During the second quarter our operating performance was solid, and we see opportunities to do even better as we move forward.
Our Q2 nickel unit cash cost of sales, after by-product credits, was $2.08 per pound. That was $0.73 below Q2 2005, due to higher by-product prices and increased nickel production, partly offset by higher costs for energy, supplies and services, and a stronger Canadian dollar. Nickel unit cash cost of sales for processing our own mine production was an attractive $1.55 a pound.
In the second half of 2006, with the Voisey’s Bay pipeline full, our overall nickel unit cash cost of sales, after by-product credits, should be $1.50-to-$1.55 a pound, using a price of $3 a pound for copper. Our second half 2006 cash costs are very levered to copper prices. For every $0.10 a pound increase in the price of copper, our H2/06 unit cash costs should drop by about $0.07 a pound.
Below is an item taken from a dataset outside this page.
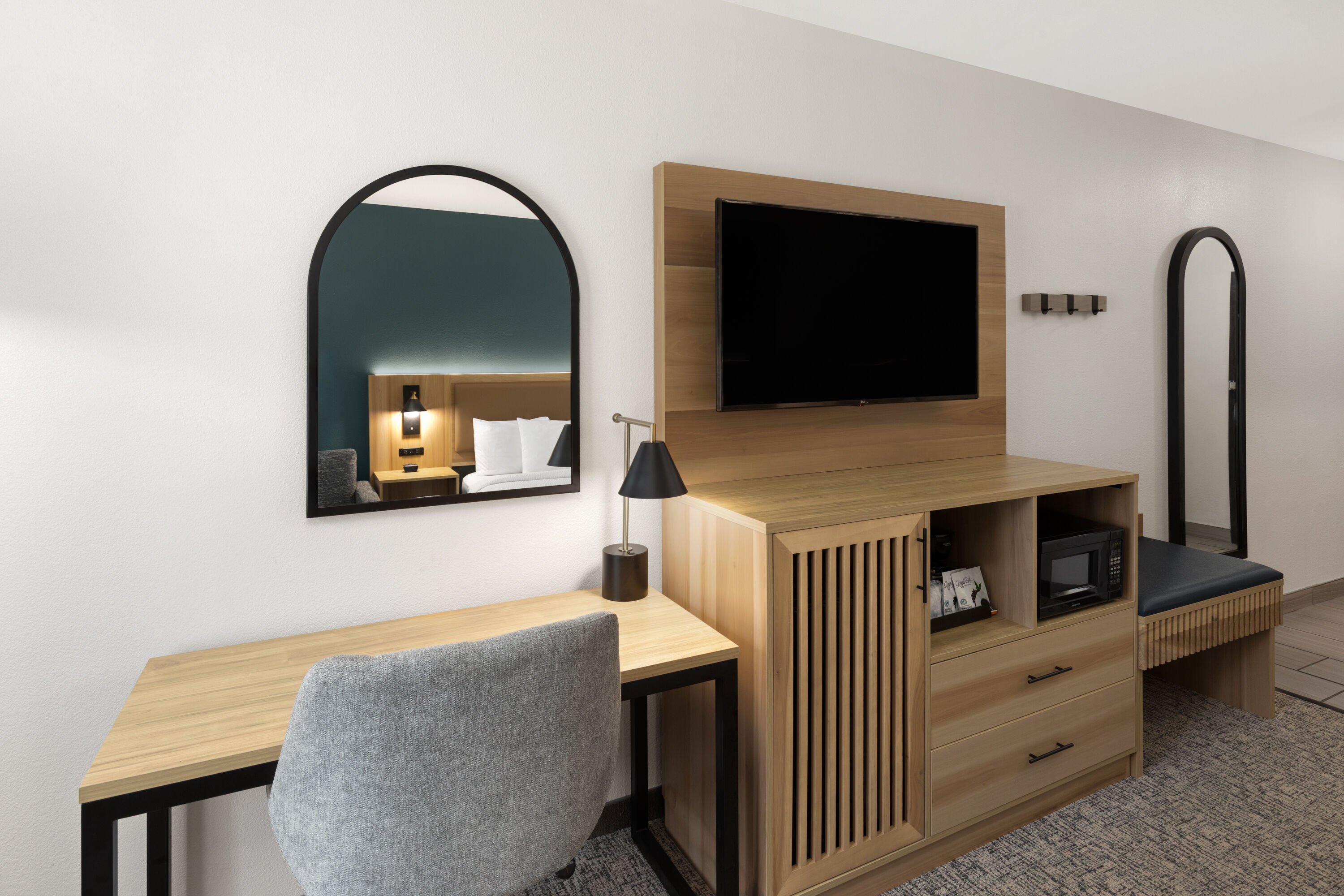 Guest room at the La Quinta Inn & Suites by Wyndham Lexington South / Hamburg in Lexington, Kentucky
For the full year, at consensus commodity price assumptions, we expect nickel unit cash cost of sales, after by-product credits, to average $2.00-to-$2.05 per pound and, for processing our own mine output, about $1.70-to-$1.75 a pound. The increase from the Q2 level reflects a lower by-product credit and less production from Ontario following planned July maintenance work. In a period when everyone in the mining industry is facing rising costs for energy, supplies and other inputs, Inco’s costs are going down. We are realizing on our strategy to bring on new low-cost capacity and improve our operating position.
During Q2 2006 we produced 140 million pounds of nickel, including six million pounds of tolled material. This represents an increase of 26% from Q2 2005, due to higher output at Sudbury and more finished nickel from PT Inco sourced production and the tolled production.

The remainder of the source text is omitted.